• Singer Charli XCX has revealed all about her album Brat in an interview with Zane Lowe
  • The British singer admitted that the record is an ‘albatross’ for what is to come next in her career
  • Charli also opened up about her friendship with Lorde, and how the decision behind Brat’s lime green branding 
Charli XCX
Credit: Apple Music/YouTube

Thanks to Charli XCX, we’ve all been out here living our best Brat summers.

But while the album may have been the soundtrack to 2024’s sunnier months, the singer, 32 – real name Charlotte Emma Aitchison – is already thinking about what she will create in the future.

In an interview with Zane Lowe while promoting her new remix album, Brat and It’s Completely Different but Also Still Brat, Charli revealed, “I feel so much love for this project that I don’t feel like I’m doing anything against my will. 

“Everything that I’m doing, relating to the music, it’s because I want to do it because I love the music so much. And I also, I know that I won’t have this moment again in this exact same way.”

She explained further, “I think the success of Brat and the success of the marketing of Brat is also in ways a curse. I am not going to be able to market my next album in the same way. 

“I’ll pivot, but whatever I do next will be compared, even if the music is completely different, the scale, the way it’s rolled out, the level of conversation. I’m aware that whatever comes next, this is kind of the albatross, so to speak.”

Despite branding her work an “albatross”, fans are already excited to hear the new remixes on the new version of the album, which hits streaming services this Friday (October 11).

Charli has collaborated with the likes of Ariana Grande, Addison Rae, Billie Eilish and Troye Sivan on the song reworkings… as well as, of course, Lorde. 
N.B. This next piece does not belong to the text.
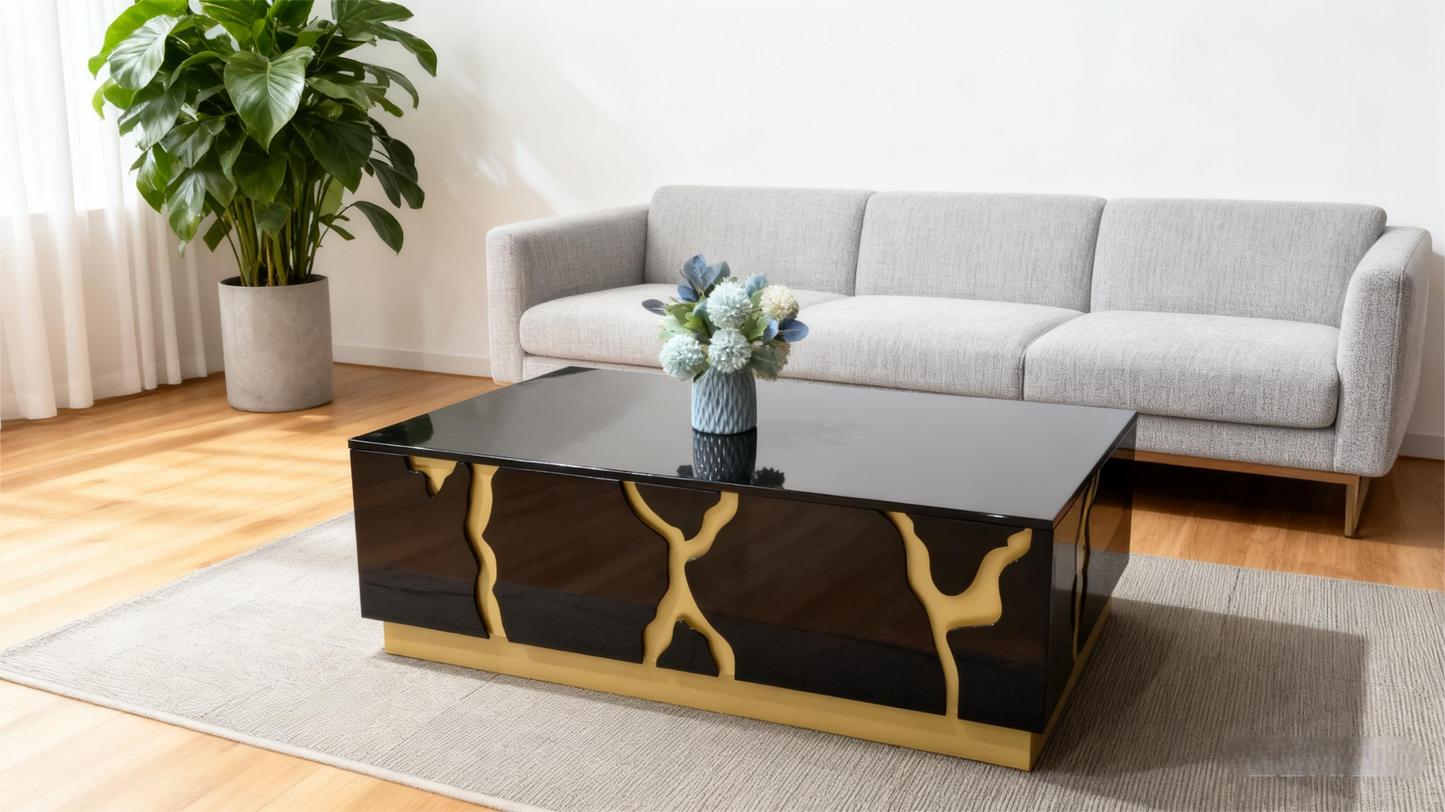 Black Lacquered Coffee Table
How Lorde and Charli worked it out on the remix

‘Working it out on the remix’ hit the vernacular of Charli’s fanbase when they heard her track Girl, So Confusing – which she wrote about her friendship with the New Zealand singer.

In the interview with Lowe, Charli revealed of the Royals hit maker, 27, “I was ready for her to never speak to me again. That could have been an outcome.” 

Brat listeners were quick to work out that Charli’s lyrics were about Lorde upon the album’s release on June 7.

‘Sometimes I think I might hate you / Maybe you just wanna be me and ‘People say we’re alike / They say we’ve got the same hair / We talk about making music / But I don’t know if it’s honest,’ the vocalist candidly admitted.

And while Charli did try to give her pal a heads-up, she was a little too late – as she’d forgotten the time difference!

“I was like, ‘I’ve got to tell you about this song.’ And she was like, ‘Yeah, I’ve heard it.’ I was like, ‘How have you heard it? It’s not out till tomorrow,’” cringed Charli. “She was like, ‘I can guess which one it is.’ And so I was like, ‘F*ck’. But she was so cool, and I was like … We sent these voice notes back and forth.”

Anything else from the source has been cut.